Except for what I’m about to tell you, because I need to VENT!
For two and a half blessed years we lived above an elderly woman. Sure, her television was always turned up too loud, but other than that we had zero problems. Several months back she passed away. She lived in the building for 20 years, so the remodel of her place took forever. During this time I became nervous and fretted to my husband. What kind of people will move in? What if they have five screaming children? What if they’re in a rock band and party all night long? What if they have a teenager that practices the tuba two hours a day?
Finally, the apartment was finished and our new neighbors moved in. I won’t bore you with too many details. It’s two couples living together in a two bedroom apartment. They are kind of loud, and I am VERY tired of boyfriend #1’s incredibly loud voice, which he uses, loudly, to talk, incessantly, about nothing. There is a lot of ‘DUUUUUUDE!’ and BRAAAAAH!” when he speaks to boyfriend #2.
But I can live with this. When I’m ready to go to bed I turn on a fan and it drowns them out, at least enough for me to sleep. What I cannot deal with, ladies and gentlemen, is the LAZINESS. What am I talking about? Let me tell you. One of the girls has a small dog. Great, I have two and understand small dogs bark, so I’m not annoyed by their little guy. What I DON’T understand is their inability to walk the 30 feet to the dumpster to throw away the bag of dog mess after they take it for a walk. Instead, they leave it outside their front door. Have I mentioned my incredible sense of smell?

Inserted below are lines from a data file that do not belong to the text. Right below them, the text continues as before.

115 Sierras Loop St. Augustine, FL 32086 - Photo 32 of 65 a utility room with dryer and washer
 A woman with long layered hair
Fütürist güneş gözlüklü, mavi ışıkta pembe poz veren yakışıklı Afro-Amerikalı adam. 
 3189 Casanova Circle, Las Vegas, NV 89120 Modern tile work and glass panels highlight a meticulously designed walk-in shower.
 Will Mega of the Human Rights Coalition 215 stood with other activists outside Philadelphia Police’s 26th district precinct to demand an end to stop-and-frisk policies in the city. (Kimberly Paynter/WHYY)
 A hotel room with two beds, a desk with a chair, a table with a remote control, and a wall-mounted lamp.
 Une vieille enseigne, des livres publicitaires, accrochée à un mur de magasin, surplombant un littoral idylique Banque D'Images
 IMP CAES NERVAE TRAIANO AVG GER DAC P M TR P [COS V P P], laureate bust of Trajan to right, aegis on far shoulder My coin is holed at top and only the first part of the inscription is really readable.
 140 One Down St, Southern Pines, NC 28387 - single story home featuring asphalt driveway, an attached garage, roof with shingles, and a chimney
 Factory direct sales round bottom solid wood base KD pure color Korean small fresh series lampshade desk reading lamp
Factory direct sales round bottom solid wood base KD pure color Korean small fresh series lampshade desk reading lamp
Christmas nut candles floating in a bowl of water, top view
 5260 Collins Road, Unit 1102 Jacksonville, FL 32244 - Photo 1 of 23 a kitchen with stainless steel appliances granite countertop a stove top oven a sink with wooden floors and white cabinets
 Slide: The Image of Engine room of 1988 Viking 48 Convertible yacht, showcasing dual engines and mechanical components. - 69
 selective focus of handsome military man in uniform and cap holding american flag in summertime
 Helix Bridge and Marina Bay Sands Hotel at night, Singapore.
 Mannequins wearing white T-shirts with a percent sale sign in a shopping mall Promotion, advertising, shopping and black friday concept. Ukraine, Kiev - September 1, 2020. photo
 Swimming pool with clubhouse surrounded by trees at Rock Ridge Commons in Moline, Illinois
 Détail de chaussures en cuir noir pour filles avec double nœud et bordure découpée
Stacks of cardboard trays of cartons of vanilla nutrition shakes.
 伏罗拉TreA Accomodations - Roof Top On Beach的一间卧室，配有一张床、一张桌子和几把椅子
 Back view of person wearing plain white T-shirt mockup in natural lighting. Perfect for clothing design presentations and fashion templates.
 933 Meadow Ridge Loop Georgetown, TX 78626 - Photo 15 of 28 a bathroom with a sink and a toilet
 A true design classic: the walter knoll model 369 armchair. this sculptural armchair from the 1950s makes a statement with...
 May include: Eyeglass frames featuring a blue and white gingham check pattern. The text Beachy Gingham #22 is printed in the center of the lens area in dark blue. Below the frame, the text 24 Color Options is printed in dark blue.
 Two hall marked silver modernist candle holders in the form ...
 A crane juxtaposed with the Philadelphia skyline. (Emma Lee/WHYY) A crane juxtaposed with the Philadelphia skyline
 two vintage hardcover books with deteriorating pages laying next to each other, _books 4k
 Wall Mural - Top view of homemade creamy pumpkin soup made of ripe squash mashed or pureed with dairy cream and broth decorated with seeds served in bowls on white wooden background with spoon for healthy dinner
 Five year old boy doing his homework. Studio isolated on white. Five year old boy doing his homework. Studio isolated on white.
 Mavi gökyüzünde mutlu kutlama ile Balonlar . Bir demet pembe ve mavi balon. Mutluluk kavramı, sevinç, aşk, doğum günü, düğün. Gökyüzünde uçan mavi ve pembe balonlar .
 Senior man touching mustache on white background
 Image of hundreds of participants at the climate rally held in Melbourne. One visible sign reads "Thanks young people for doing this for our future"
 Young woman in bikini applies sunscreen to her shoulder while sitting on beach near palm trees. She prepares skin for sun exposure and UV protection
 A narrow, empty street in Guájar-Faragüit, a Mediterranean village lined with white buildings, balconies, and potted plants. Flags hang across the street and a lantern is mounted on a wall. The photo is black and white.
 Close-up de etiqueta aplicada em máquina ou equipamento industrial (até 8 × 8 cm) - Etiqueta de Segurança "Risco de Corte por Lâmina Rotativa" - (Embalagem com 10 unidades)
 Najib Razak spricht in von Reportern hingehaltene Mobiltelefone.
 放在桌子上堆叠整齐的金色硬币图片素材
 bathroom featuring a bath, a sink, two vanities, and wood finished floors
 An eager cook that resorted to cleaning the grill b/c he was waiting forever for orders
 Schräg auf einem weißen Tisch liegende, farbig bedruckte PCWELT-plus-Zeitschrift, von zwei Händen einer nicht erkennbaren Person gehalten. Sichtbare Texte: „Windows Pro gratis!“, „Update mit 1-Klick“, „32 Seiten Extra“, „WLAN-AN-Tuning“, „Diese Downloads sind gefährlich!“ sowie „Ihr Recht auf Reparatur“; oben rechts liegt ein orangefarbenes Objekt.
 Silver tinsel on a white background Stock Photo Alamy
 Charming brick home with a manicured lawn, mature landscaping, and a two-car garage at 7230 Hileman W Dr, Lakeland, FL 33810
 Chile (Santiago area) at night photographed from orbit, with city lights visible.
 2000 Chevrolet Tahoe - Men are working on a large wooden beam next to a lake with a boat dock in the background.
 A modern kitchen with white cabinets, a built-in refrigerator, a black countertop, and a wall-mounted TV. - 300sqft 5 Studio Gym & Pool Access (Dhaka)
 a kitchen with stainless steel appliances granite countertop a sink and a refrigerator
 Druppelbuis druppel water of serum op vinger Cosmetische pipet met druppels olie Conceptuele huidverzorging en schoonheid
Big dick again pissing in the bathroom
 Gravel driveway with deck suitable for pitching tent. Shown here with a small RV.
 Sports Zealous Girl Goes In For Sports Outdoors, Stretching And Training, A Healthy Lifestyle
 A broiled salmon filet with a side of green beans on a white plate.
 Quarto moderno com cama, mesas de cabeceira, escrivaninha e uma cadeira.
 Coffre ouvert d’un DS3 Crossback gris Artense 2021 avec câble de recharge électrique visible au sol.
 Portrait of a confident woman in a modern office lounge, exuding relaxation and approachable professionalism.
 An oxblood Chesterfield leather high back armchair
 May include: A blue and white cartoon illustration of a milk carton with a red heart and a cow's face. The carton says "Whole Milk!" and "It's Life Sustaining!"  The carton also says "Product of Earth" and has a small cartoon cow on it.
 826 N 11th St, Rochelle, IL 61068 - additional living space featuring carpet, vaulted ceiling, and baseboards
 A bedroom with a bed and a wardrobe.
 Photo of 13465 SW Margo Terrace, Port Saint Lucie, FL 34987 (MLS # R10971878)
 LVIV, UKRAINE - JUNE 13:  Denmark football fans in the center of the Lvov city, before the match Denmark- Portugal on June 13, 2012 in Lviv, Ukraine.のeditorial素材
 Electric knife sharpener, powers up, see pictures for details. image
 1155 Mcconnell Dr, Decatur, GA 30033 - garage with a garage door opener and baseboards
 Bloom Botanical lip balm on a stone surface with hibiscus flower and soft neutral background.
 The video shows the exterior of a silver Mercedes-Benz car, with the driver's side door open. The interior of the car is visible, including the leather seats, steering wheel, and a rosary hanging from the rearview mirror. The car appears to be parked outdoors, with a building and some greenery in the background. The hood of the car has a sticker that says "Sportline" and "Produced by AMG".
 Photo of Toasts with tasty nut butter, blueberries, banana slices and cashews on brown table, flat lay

Right, so you can imagine how disgusting it is to me when I walk out the door and the smell of dog feces has wafted up – because they are not only too lazy to walk to the dumpster to deposit the mess, they don’t even tie the bag shut!!! Sometimes the poop bags sit outside all night and half the next day. And what pisses me off even more is that they will come and go, but not bend down to pick up the bag and take it with them. One of them PARKS RIGHT NEXT TO THE FREAKING DUMPSTER!!!! How are you gonna walk right by it and not throw in the poop bag??
Whew. I thought this would make me feel better, but I may type in caps for the rest of the day. GRRRRR!